**WHAT IS REQUIRED:** All lines in the records below from the line with "Detail of white" through the line with "Group posing with" are to be given again exactly, both ends included; the pictures are to be left out.

------ GIVEN ENTRIES ------

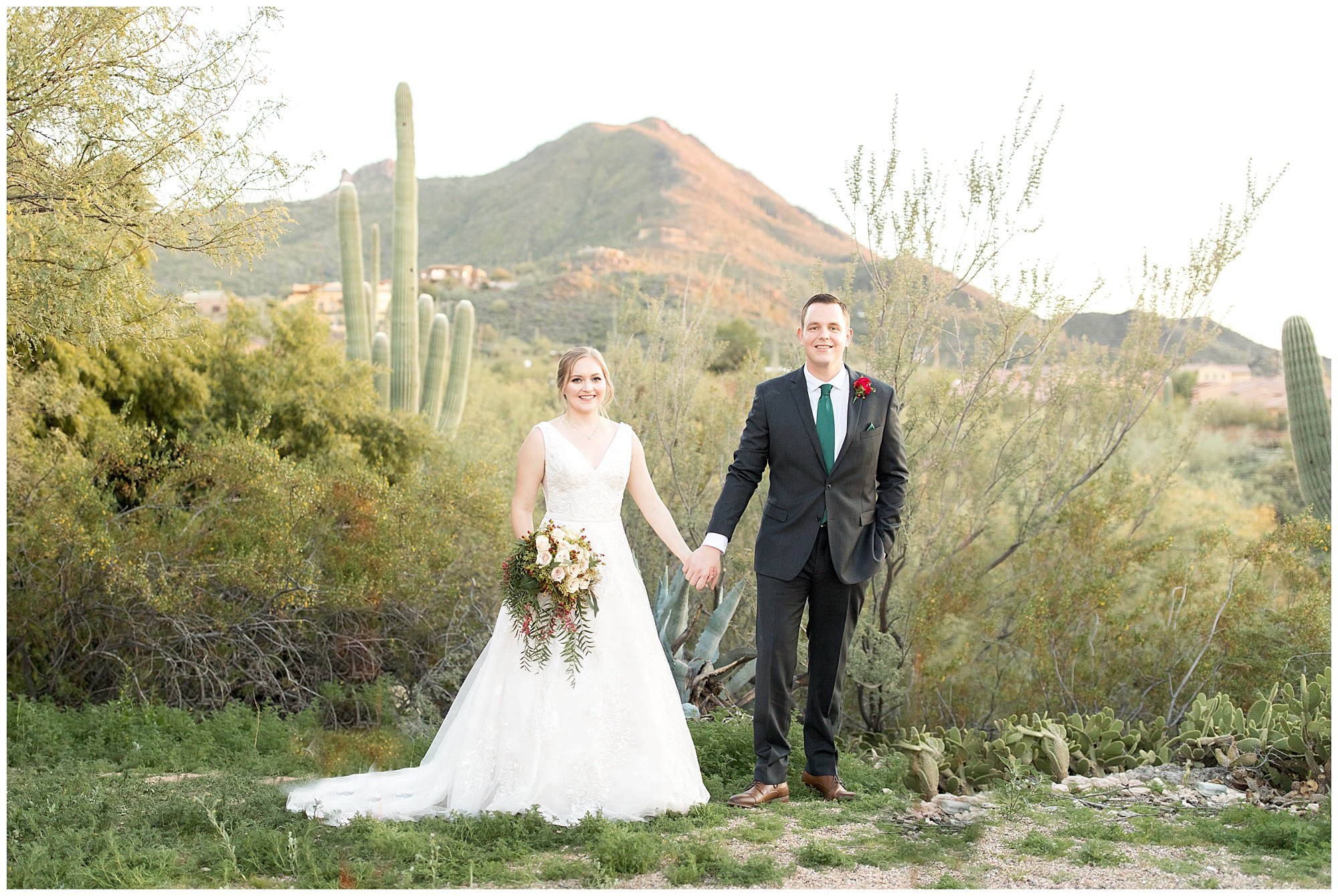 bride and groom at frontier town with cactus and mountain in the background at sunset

------
------ GIVEN ENTRIES ------

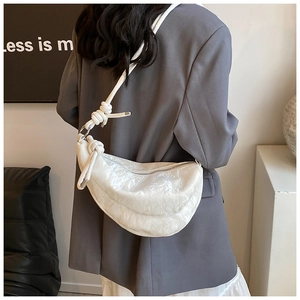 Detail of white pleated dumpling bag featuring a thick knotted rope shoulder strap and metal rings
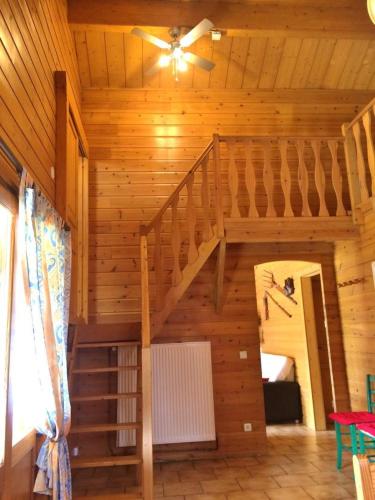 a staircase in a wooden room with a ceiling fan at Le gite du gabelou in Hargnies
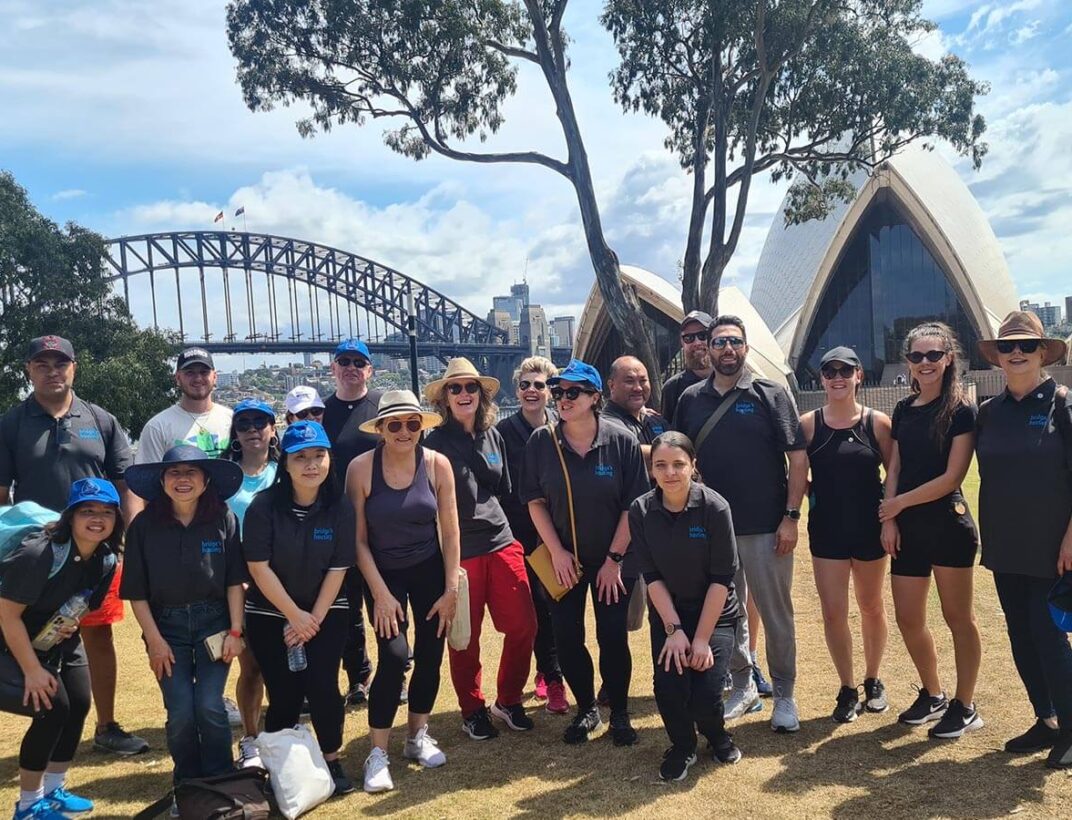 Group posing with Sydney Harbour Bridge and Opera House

------

**ANSWER SPACE:**
 Detail of white pleated dumpling bag featuring a thick knotted rope shoulder strap and metal rings
 a staircase in a wooden room with a ceiling fan at Le gite du gabelou in Hargnies
 Group posing with Sydney Harbour Bridge and Opera House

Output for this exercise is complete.